Primera versión en Rebelión el 19 de diciembre de 2007
El crítico y teórico del formalismo ruso Víktor Shklovsky describe a Isaak Bábel en el comienzo de su carrera literaria, en 1915, como un joven de veintiún años, de baja estatura y cabeza grande, cargado de hombros y de voz queda y tranquila, que era habitual en la redacción de Létopis (Crónicas), la revista que Maksim Gorki dirigía a la sazón en San Petersburgo. Bábel tenía un carácter en el que se mezclaban jovialidad burlona y escéptica y capacidad de vivirlo todo con intensidad. En este sentido, su amigo Iliá Ehrenburg recuerda en sus memorias que “amaba apasionadamente la vida, participaba en ella a cada minuto y estaba entregado al arte desde los años de su infancia.” En otro lugar dice: “Fuera a donde fuera, en seguida se sentía como en casa y penetraba en la vida ajena. Pasó un corto tiempo en Marsella, pero, cuando me hablaba de la vida marsellesa, sus impresiones no eran las de un turista: hablaba de gángsteres, de elecciones municipales, de huelga en el puerto, de una envejecida mujer, parece que lavandera, que al recibir inesperadamente una gran herencia se asfixió con gas.” Esta habilidad para impregnarse de la realidad, unida a una sensibilidad de poeta y su dominio de los recursos literarios son las marcas distintivas de un autor cuya obra, truncada por la represión estalinista, incluye dos de las mejores colecciones de relatos cortos que se publicaron en Rusia en el siglo XX: Caballería roja y Cuentos de Odessa.
Isaak Emmanuílovich Bábel nació en 1894 en Moldavanka, el barrio judío de Odessa, en una familia de comerciantes con rabinos entre sus antepasados. Historia de mi palomar (1926) y otros relatos breves que se suelen incluir hoy día entre los Cuentos de Odessa (por ejemplo en la versión castellana de Alianza editorial de 1972; trad. de José Fernández Sánchez) proporcionan valiosa información sobre sus primeros años. Nos habla allí de la muerte de su abuelo Shoil, asesinado durante el pogromo de 1905 que conmovió la ciudad después del intento revolucionario de ese mismo año, y también de la indeleble impresión que le produce ese día la imagen de su padre implorando de rodillas a un oficial cosaco que intervenga contra la turba que asalta su tienda.

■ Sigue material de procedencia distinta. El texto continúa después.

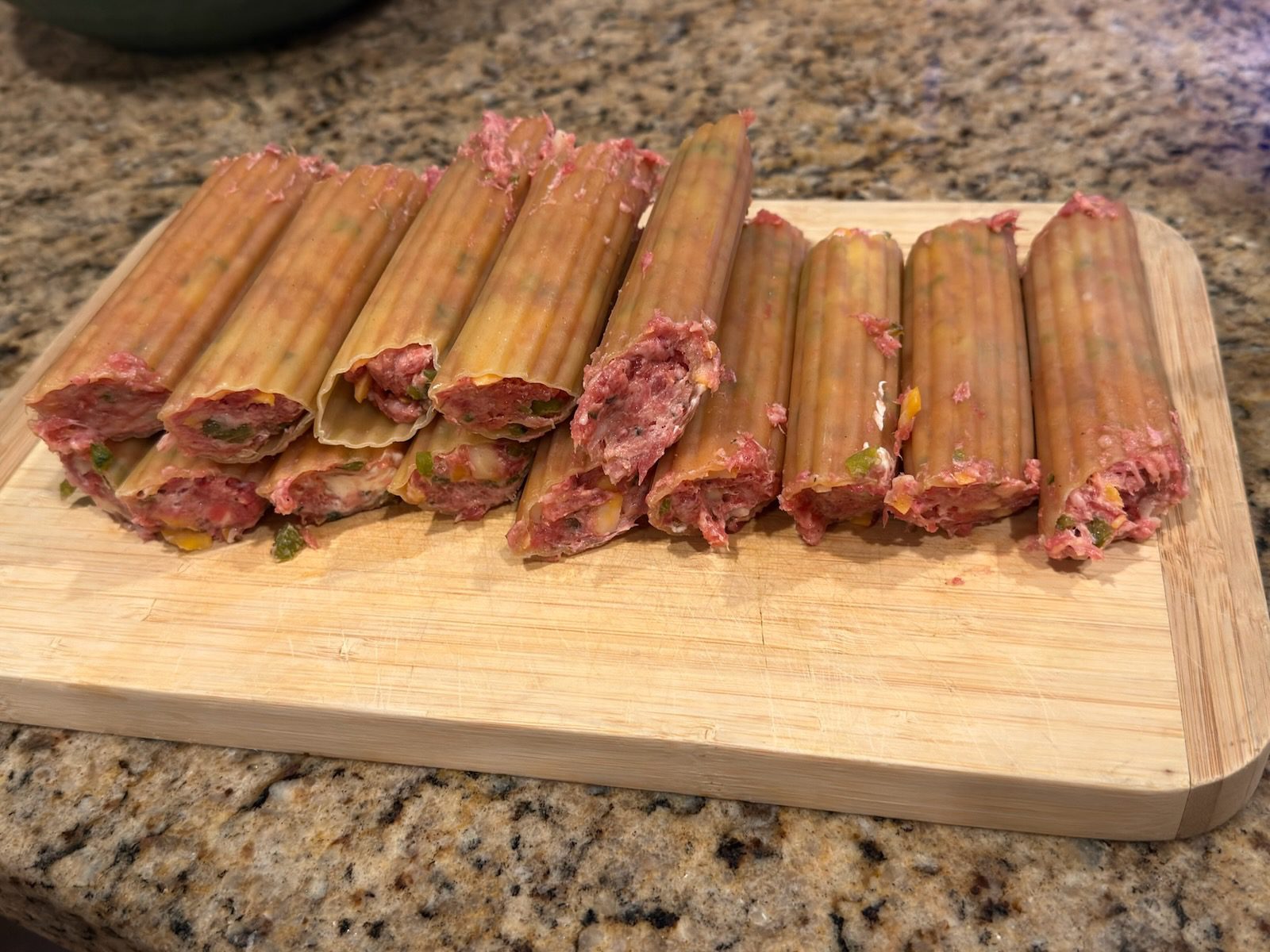 Smoked Shotgun Shells (Bacon-Wrapped Manicotti) before baking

Conocemos además las dificultades de los muchachos judíos para acceder a la instrucción, y cómo al fin pudo matricularse en la Escuela Comercial Nicolás I de su ciudad. Sus estudios de francés le llevan a una honda admiración por Flaubert y Maupassant, y con quince años comienza a escribir relatos en ese idioma, aunque después reconoce que “los paysans y las digresiones me salían sin gracia; sólo los diálogos se me daban.” Es la época en que hace novillos huyendo de las lecciones de música que la familia le impone y vaga por el puerto, donde “las olas macizas del espolón me alejaban más y más de nuestra casa con olor a cebolla y a suerte judía”. Los textos hebraicos le habían apartado de las diversiones de los chicos de su edad y empieza entonces a hacer travesuras. No obstante, “el arte de nadar resultó inadmisible. Me arrastraba al fondo la hidrofobia de todos mis antepasados: rabís españoles y cambistas francfortianos.”

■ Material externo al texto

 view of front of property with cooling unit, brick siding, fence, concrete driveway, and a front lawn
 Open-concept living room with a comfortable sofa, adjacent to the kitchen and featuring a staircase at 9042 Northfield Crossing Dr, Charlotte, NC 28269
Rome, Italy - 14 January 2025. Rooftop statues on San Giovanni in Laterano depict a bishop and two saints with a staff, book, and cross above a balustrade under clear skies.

En 1911, ante la imposibilidad de acceder a la Universidad de Odessa por los problemas que antes señalábamos, viaja a Kíev para estudiar en su Instituto de Comercio, pero en 1915 lo encontramos ya en San Petersburgo tratando de sobrevivir como escritor. Sus creaciones son rechazadas hasta que se decide a acudir a Gorki. Años después Bábel reconoce: “Lo debo todo a aquel encuentro y hoy pronuncio el nombre de Alekséi Maxímovich con cariño y veneración. (…) El me enseñó cosas de extraordinaria importancia, y después, cuando se aclaró que mis dos o tres tolerables experimentos de adolescente habían sido una casualidad y que escribía asombrosamente mal, Alekséi Maksímovich me envió a que me mezclara entre el pueblo.” Esto es exactamente lo que hace Bábel entre 1917 y 1924, tiempo en que recorre Rusia como soldado, funcionario y periodista, viviendo en el frente y en la retaguardia toda la violencia de aquellos años. Después habría de admitir: “Sólo en 1923 aprendí a expresar mis pensamientos de forma clara y sin explayarme mucho.” La mayor parte de los relatos por los que es conocido y que le valieron prestigio universal aparecen a partir de entonces en el plazo de unos años.

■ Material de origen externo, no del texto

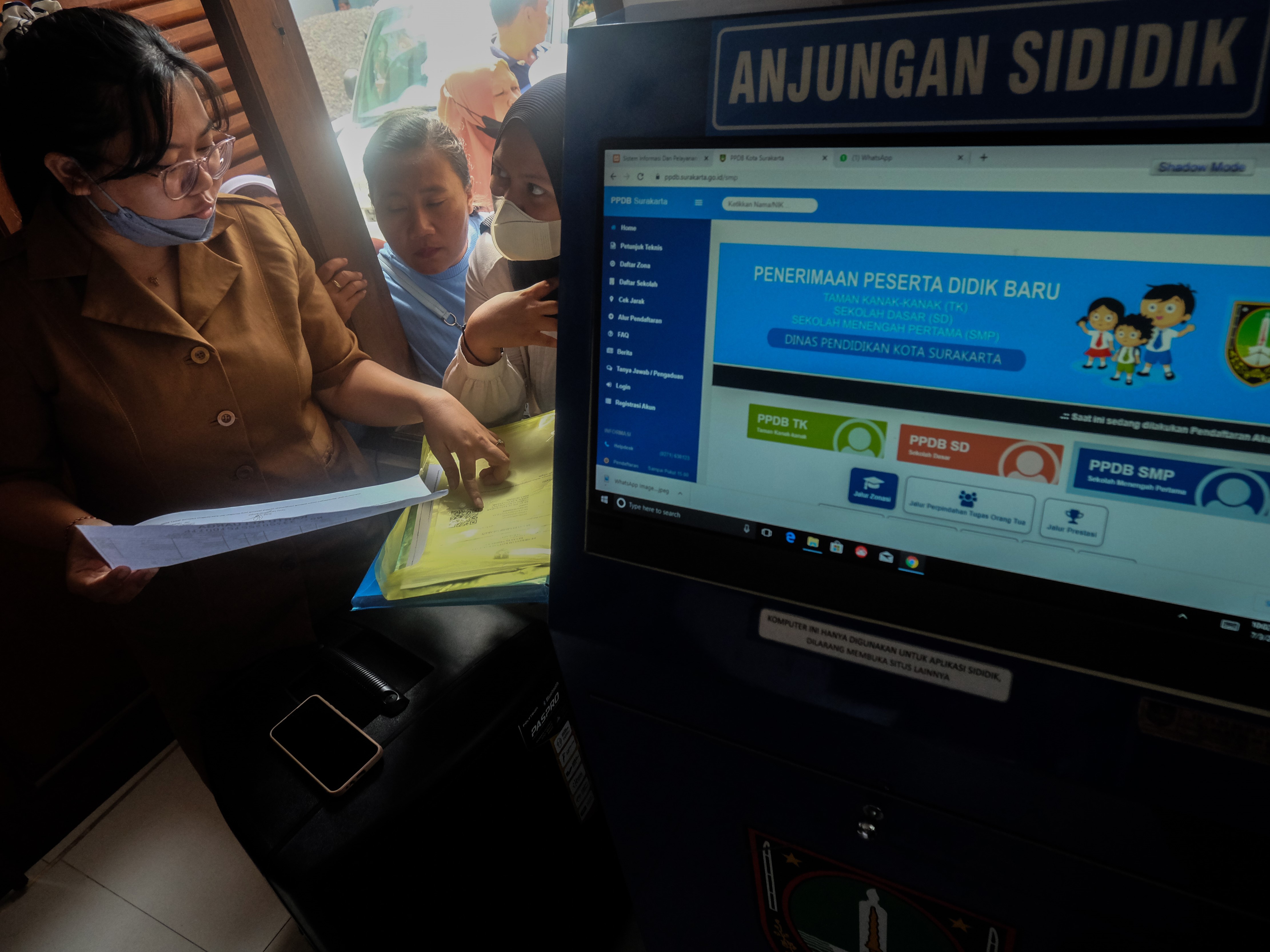 Pegawai melayani wali calon peserta didik baru yang mengantre untuk konsultasi PPDB jalur zonasi di kantor Dinas Pendidikan Kota Solo.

Tras un sinfín de correcciones, los cuentos que constituyen Caballería roja se publican en forma de libro en 1926. Se trata de treinta y seis fragmentos no muy extensos en los que con aliento poético se narran experiencias del autor durante el año 1920 en los campos de batalla de la guerra polaco-soviética, conflicto que a veces se considera un episodio de la Guerra Civil Rusa. Allí, Bábel, con el nombre de Kíril Vasílievich Liútov, que velaba su origen judío, participó como reportero en numerosos combates, englobado en unidades cosacas del I Ejército de Caballería de Semión Budionni. Caballería roja contiene descripciones de extrema dureza en las que aflora todo el horror de la guerra y que nos recuerdan el Tarás Bulba de Gógol, pero lo que marca la obra sobre todo es cómo su autor consigue, haciendo uso de sus soberanas virtudes artísticas, transmutar estas vivencias en una aproximación literaria al problema universal de la violencia y la fascinación que ésta produce en nosotros.
En el narrador de los sangrientos episodios que se desgranan en Caballería roja reconocemos al propio Bábel, el que en cierta ocasión se presentaba a sí mismo como un hombre con “lentes en la nariz y otoño en el alma”. El joven erudito poco dotado para el ejercicio físico y versado en antiguas escrituras, antes de enfrentarse al enemigo, ha de hacer frente a los cosacos que ven en él más que nada un blanco risible para sus puyas. La integración del intelectual en el “grupo salvaje” exige una violencia ritual y ésta es la que se nos muestra en el relato titulado Mi primer ganso. Liútov, despreciado por los cosacos a cuya sección ha sido asignado, da muerte brutalmente a un ganso que era el animal preferido de la patrona que los alberga, y obliga a ésta a que se lo ase. El efecto en los soldados que comen a lo lejos es milagroso: “Hermano -se dirigió a mí de pronto Surovkov, el mayor de los cosacos-, siéntate con nosotros a catar esto, mientras se te dora el ganso.” Sin embargo, en las palabras que cierran el fragmento, reconoce que de noche, “mi corazón, en carne viva por el asesinato, crujía y sangraba.” La violencia que surge como un requisito para la admisión en un grupo deja paso después a la que enseñorea el campo de batalla, al atroz espectáculo de la muerte triunfante por la mano del hombre.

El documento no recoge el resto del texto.